◆ **EXTRACTED ENTRIES**
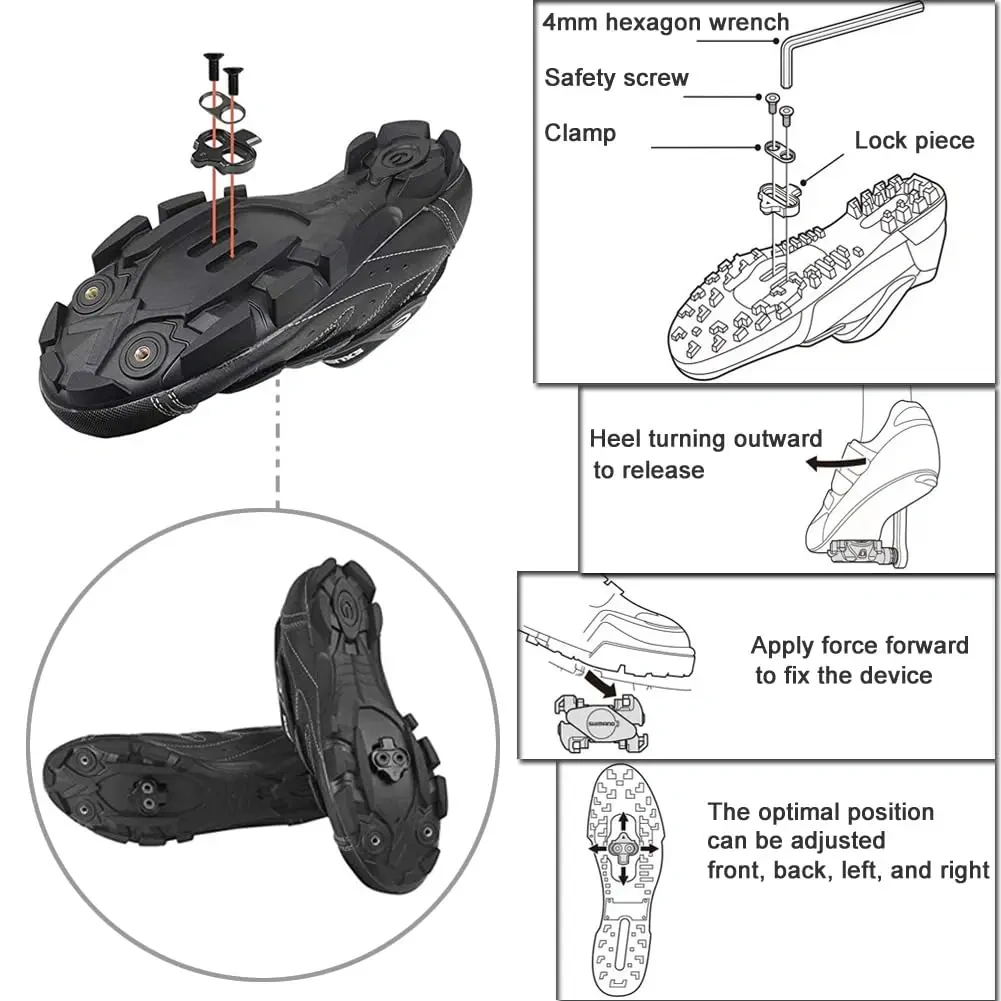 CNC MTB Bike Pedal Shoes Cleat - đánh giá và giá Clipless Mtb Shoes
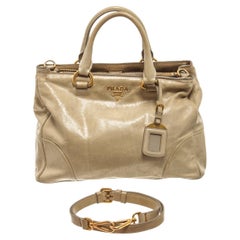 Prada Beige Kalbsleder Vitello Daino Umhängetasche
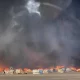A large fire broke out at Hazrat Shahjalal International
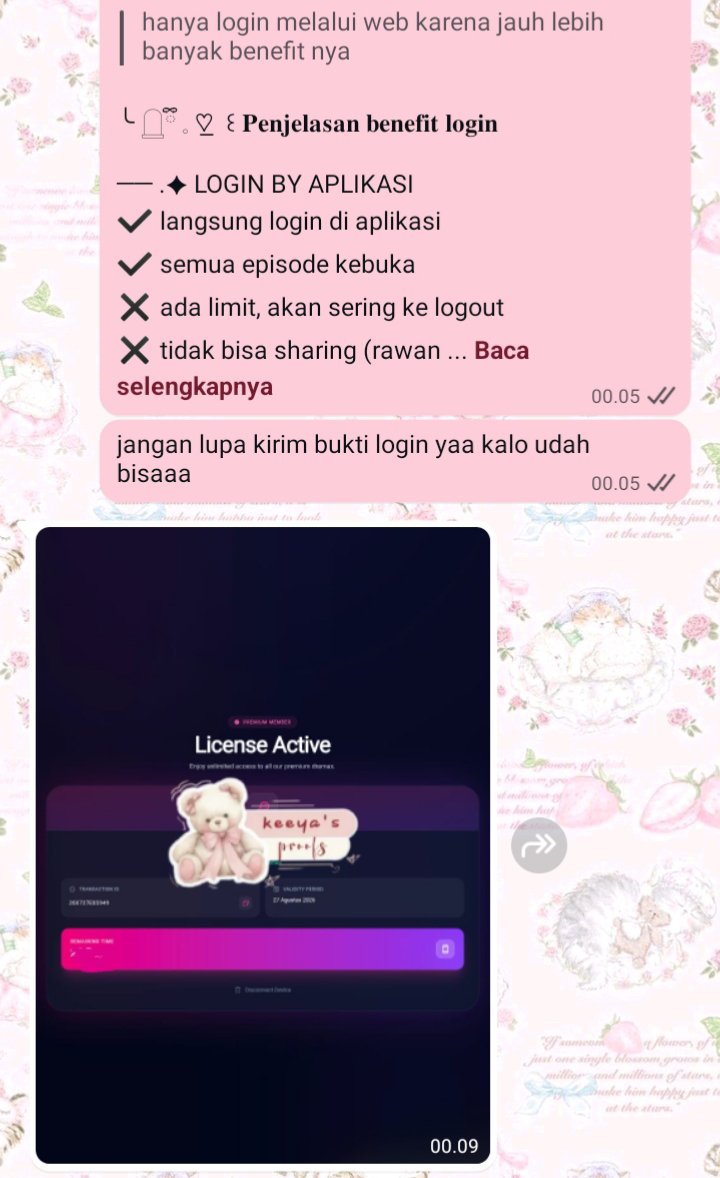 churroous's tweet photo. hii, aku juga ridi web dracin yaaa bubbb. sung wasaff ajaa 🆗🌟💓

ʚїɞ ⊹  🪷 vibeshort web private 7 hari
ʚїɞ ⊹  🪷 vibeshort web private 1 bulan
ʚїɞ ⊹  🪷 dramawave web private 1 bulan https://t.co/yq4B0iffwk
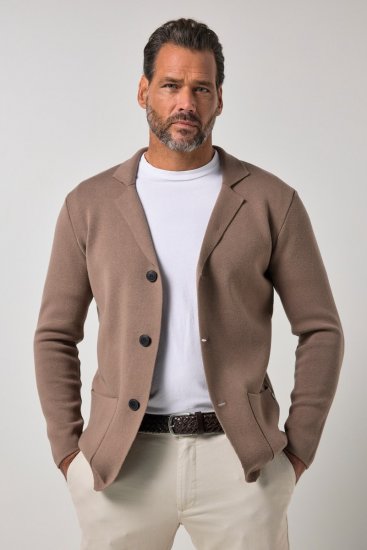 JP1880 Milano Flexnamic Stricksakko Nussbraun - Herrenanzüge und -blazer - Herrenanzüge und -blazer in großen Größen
...
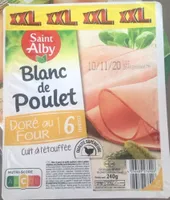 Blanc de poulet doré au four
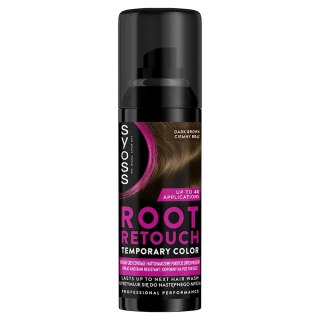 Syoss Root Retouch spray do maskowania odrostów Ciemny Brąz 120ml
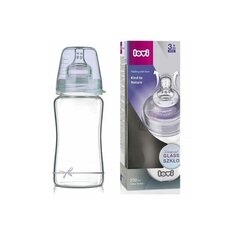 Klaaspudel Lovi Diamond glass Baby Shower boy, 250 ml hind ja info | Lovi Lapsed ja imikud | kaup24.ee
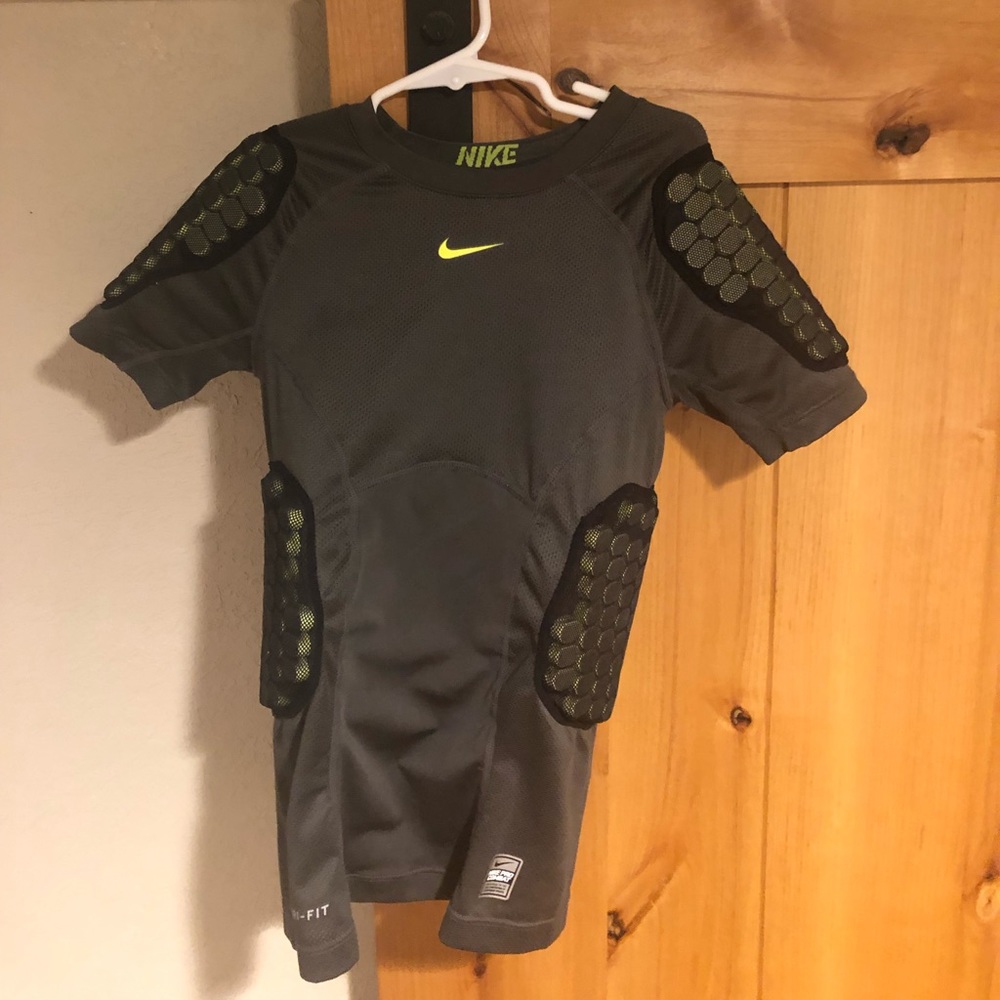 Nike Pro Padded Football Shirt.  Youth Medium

◆ **WHAT THE TASK REQUIRES**
Leaving out the pictures, please output the lines in the entries above from the one with "Prada Beige Kalbsleder" through the one with "JP1880 Milano Flexnamic", exactly as they are.

◆ **RESULT FOR THIS EXERCISE**
 Prada Beige Kalbsleder Vitello Daino Umhängetasche
A large fire broke out at Hazrat Shahjalal International
 churroous's tweet photo. hii, aku juga ridi web dracin yaaa bubbb. sung wasaff ajaa 🆗🌟💓

ʚїɞ ⊹  🪷 vibeshort web private 7 hari
ʚїɞ ⊹  🪷 vibeshort web private 1 bulan
ʚїɞ ⊹  🪷 dramawave web private 1 bulan https://t.co/yq4B0iffwk
 JP1880 Milano Flexnamic Stricksakko Nussbraun - Herrenanzüge und -blazer - Herrenanzüge und -blazer in großen Größen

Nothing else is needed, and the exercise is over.